The main goal of our Engineering Alloys and Advanced Manufacturing Research Laboratory at the University of Miami is to understand how alloy composition, microstructure and manufacturing route are responsible for the mechanical properties we observe. We use a combination of experimental techniques and computational simulation to achieve this goal, including the utilisation of National Laboratory facilities. Our research is strongly rooted in industrial and government interests and demands, forming collaborations between industry and academia to achieve a common goal. Learn more about our research and areas of study below.

You may also be interested in the other Materials Research Groups within our Department of Mechanical and Aerospace Engineering.

Lab Members

 

Prof. James Coakley

Assistant Professor & Principal Investigator

Dr. James Coakley joined the University of Miami Mechanical and Aerospace Department as an Assistant Professor in 2018. He earned his Ph.D. in Materials Science and Engineering at Imperial College London and completed postdoctoral appointments at Imperial College London and at Oak Ridge National Laboratory.
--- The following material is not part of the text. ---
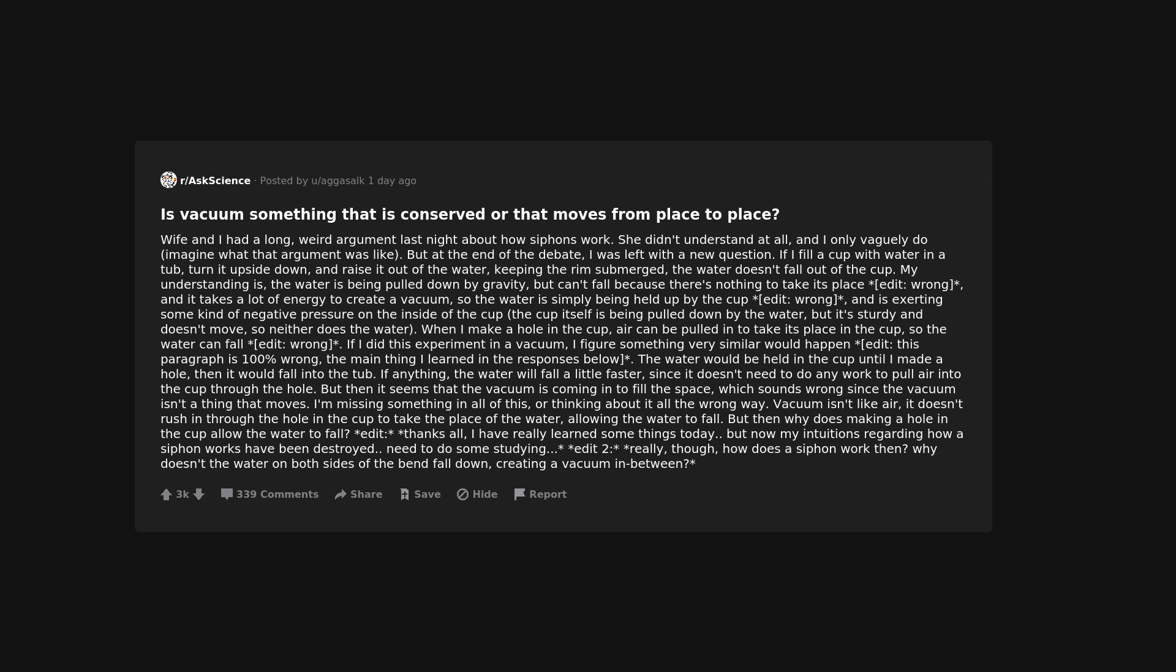Edit: Thanks all, I have really learned some things today, but now my intuitions regarding how a siphon works have been destroyed, need to do some studying. Edit two: really, though, how does a siphon work then? Why doesn't the water on both sides of the bend fall down, creating a vacuum in between?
He was awarded a Marie Curie research fellowship, co-hosted between Northwestern University and the University of Cambridge. He is a member of the Oak Ridge National Laboratory review committee, by invitation, and is a symosium organiser for the Minerals, Metals and Materials Society (TMS) conference.

Mr. Junyang Wu

Masters Student

Junyang Yu completed his Bachelors in Materials Science and Engineering at Penn. State University. He is currently completing a Masters in Mechanical Engineering at the University of Miami, including a research project in the area of high ductility beta-titanium alloys.

Research Topics

Manufacturing, Microstructure, Deformation Mechanisms and Material Properties Relationships

High Temperature Alloys

Ni-based superalloys are strengthened by coherent ordered gamma-prime precipitates embedded in a gamma matrix. They are utilised in extreme environments that require excellent high temperature mechanical properties, such as gas-turbine hot sections.

The microstructure of these alloys evolves in-service applications, and there is a concomitant change in mechanical properties. By replicating the engine operating conditions in the laboratory, we can quantify the microstructure evolution and change in material strength. Furthermore, we also perform modelling simulations in order to safely predict a component lifetime while also accelerating materials research and development at a lower cost.

Ni-based superalloy technology is now mature, and their high-temperature mechanical properties are a limiting factor to improving gas-turbine efficiency. Research is ongoing to discover a superior material, including the recently discovered Co-based superalloys.

Titanium Alloys

In general, titanium alloys possess a very high strength-to-weight ratio, corrosion resistance, and excellent high temperature mechanical properties up to about 550 celsius (a higher temperature is obtained by specialized engine alloys). They also possess excellent ballistic resistance, and can be allowed to obtain a very low elastic modulus. With these properties, titanium alloys are utlised in aerospace, chemical, petroleum, biomedical and military industries.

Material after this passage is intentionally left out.